AbstractAlgebra.jl
AbstractAlgebra.jl copied to clipboard
Matrix-Strassen doctest needs excessive time (needs fix and re-enabling)
See e.g. https://github.com/Nemocas/AbstractAlgebra.jl/actions/runs/14963175106/job/42028470785
The doctest step in the 1.10, ubuntu-latest step needed 15min, while the 1.10, macOS-latest step needed 64min.
Similar timings can be seen for other invocations of CI as well.
Any idea what's causing this?
cc @fingolfin @benlorenz
Not sure what happens in CI, but when testing locally on munk (with the documenter_helpers.jl from Oscar) most of the time of the doctest run was spent in src/Matrix-Strassen.jl:15-28:
page: src/Matrix-Strassen.jl:15-28
429.511165 seconds (12.88 G allocations: 233.800 GiB, 36.81% gc time, 0.49% compilation time)
(this is out of 8m11.5s total)
I pasted the code block in a julia 1.10 repl on my linux machine as well and it is still running after 13 minutes.
I wanted to re-run the doctests but munk kicked me out of my sessions and doesn't respond anymore:
page: src/Matrix-Strassen.jl:15-28
Connection to munk.mathematik.uni-kl.de closed by remote host.
Connection to munk.mathematik.uni-kl.de closed.
Edit: It seems to have rebooted, lets see what happens when running it again. Re-run also took about 8 minutes, the duration seems pretty stable.
The code block in question:
julia> m = matrix(ZZ, rand(-10:10, 1000, 1000));
julia> n1 = similar(m); n2 = similar(m); n3 = similar(m);
julia> n1 = mul!(n1, m, m);
julia> n2 = Strassen.mul!(n2, m, m);
julia> n3 = Strassen.mul!(n3, m, m; cutoff = 100);
julia> n1 == n2 == n3
true
This does rely on random numbers and I don't know if this is seeded in any way.

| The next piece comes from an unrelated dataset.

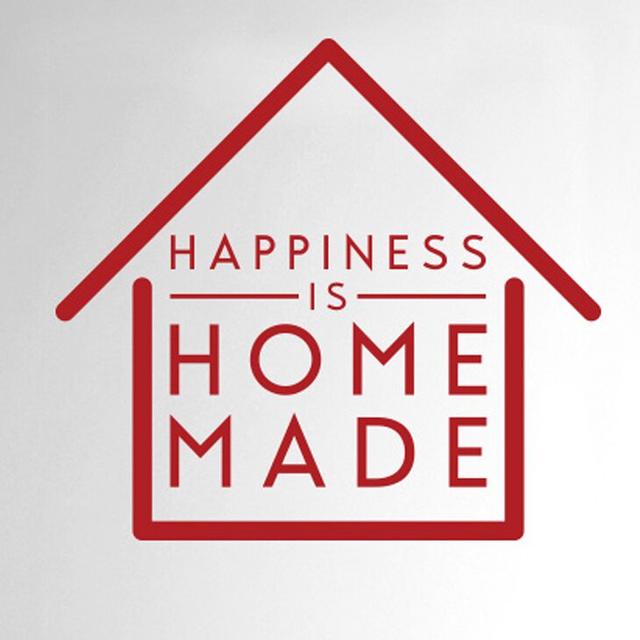 Happiness Is Home Made Door Room Wall Sticker 17 Stories Colour: Dark Red on Productcaster.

Edit: I have started a run on CI without the Strassen block and with the custom output: https://github.com/Nemocas/AbstractAlgebra.jl/actions/runs/15050984971 Using this commit: https://github.com/Nemocas/AbstractAlgebra.jl/commit/81911b6953ba64a099ed5ef68e97dcfc833120d8
Without the Matrix-Strassen test the doctests took just 1min17s on macOS: https://github.com/Nemocas/AbstractAlgebra.jl/actions/runs/15050984971/job/42305480071#step:7:698
Can we then remove this doctest for the meantime and let @fieker figure out the problem, and we re-enable the doctest once there is a fix?
Some further data: Ubuntu CI (out of 15 min total):
page: src/Matrix-Strassen.jl:15-28
805.782778 seconds (12.88 G allocations: 233.799 GiB, 27.81% gc time, 0.49% compilation time)
Windows CI (out of 21 min total):
page: src\Matrix-Strassen.jl:15-28
1131.379076 seconds (12.88 G allocations: 233.796 GiB, 21.23% gc time, 0.38% compilation time)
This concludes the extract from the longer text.